Kita bisa berefleksi dan bertanya dalam hati mengapa kita menjadi guru lalu maknanya apa? Jawabannya itu kembali pada diri kita masing-masing meski kita bisa peroleh dari panduan mengajar. Namun itu, belumlah cukup sebab kita kembali ke hati kita masing-masing bagaimana kita berusaha belajar ikhlas untuk hadir sepenuh hati ke kelas saat melakukan pembelajaran.
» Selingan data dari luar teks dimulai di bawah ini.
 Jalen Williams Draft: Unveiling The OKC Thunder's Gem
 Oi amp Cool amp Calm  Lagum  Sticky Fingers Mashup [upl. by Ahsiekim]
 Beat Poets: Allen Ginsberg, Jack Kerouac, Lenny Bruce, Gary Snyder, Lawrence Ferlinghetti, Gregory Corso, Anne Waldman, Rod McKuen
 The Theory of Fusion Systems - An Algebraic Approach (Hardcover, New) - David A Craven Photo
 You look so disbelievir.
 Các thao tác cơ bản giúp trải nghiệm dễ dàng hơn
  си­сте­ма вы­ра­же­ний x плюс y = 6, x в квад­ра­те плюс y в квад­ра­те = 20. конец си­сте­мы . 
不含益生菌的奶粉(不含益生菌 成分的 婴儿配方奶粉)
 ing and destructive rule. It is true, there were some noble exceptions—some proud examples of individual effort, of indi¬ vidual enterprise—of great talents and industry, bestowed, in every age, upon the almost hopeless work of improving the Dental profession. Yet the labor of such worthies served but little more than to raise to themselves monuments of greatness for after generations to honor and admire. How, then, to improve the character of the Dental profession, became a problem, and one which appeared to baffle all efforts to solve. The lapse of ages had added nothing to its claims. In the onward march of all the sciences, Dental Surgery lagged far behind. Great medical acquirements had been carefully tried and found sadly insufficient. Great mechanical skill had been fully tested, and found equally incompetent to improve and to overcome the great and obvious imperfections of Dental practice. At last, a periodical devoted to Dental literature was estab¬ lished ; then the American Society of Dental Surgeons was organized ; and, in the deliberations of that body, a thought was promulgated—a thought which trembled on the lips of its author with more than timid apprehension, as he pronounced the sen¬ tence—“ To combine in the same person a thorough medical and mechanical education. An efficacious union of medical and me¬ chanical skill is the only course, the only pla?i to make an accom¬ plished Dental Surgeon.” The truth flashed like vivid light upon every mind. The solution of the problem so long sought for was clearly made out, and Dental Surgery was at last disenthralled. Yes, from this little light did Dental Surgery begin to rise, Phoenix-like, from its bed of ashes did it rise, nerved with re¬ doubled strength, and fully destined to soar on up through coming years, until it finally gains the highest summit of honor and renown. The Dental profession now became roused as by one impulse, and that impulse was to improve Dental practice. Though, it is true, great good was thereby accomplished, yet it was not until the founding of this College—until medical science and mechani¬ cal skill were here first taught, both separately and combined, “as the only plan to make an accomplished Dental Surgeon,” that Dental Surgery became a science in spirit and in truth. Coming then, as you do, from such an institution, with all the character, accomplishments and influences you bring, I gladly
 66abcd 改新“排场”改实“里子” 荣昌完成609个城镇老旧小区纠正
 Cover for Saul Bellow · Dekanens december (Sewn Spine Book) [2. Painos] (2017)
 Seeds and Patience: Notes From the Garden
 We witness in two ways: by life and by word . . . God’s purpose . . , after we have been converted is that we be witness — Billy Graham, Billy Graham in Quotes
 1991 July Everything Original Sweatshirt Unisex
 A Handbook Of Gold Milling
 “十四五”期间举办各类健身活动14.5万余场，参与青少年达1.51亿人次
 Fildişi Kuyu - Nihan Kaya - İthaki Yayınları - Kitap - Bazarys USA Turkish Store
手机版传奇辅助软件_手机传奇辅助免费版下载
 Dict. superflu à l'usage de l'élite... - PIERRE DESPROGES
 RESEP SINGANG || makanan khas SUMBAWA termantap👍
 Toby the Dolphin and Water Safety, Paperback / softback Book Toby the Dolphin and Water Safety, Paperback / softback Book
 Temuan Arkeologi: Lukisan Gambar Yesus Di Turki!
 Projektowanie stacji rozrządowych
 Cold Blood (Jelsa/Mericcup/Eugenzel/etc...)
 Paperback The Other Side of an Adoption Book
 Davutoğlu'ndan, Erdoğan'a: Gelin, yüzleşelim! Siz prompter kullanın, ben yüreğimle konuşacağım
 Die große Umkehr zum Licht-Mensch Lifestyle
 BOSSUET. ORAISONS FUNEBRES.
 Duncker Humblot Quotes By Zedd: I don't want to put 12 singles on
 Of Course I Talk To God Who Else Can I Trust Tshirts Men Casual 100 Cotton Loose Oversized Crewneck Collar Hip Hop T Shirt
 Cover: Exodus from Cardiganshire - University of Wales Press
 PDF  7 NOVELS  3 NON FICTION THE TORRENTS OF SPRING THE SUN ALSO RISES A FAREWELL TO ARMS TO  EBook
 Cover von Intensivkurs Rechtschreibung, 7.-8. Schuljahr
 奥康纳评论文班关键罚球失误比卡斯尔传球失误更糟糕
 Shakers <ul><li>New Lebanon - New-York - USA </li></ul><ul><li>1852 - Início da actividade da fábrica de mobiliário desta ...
Guru tidak sekadar mengajarkan materi pengetahuan tapi mendengar lebih dari sekadar menjelaskan dan berusaha memahami lebih dalam dari sekadar nilai.
Maksudnya ungkapan tersebut yakni kita sebagai guru tidak hanya hadir secara fisik di kelas tapi bagaimana kita bisa hadir secara emosional dan batiniah. Guru dapat berkonsentrasi pada murid, bukan sekadar materi yang disampaikan tapi benar-benar peduli mengenai proses belajar yang dialami murid. Guru seperti ini setidaknya mampu menangkap jika ada salah satu murid yang terlihat sedih, bingung, atau bahkan kurang semangat belajar. Kemudian kita bisa mendekati dengan kasih. Di sinilah jejak kartini masa kini yang hidup di hati kita sebagai guru untuk mengajar dengan cinta dan membimbing dengan penuh empati.
Belajar dari ibu Kartini yang perjuangannya membuka jalan bagi kaum perempuan agar mendapatkan hak pendidikan. Dari warisan perjuangan tersebut, terdapat gagasan mengenai akses belajar dan  nilai-nilai kemanusiaan. Nilai-nilai tersebut dapat kita terapkan melalui sikap guru yang tidak menyeragamkan murid tetapi dapat menghargai setiap keunikan murid. Dengan mengetahui bahwa setiap murid itu memiliki keunikan masing-masing sehingga guru dapat merawat harapan dan keberanian bagi murid  untuk menjadi dirinya sendiri yang bisa berkembang dan tumbuh.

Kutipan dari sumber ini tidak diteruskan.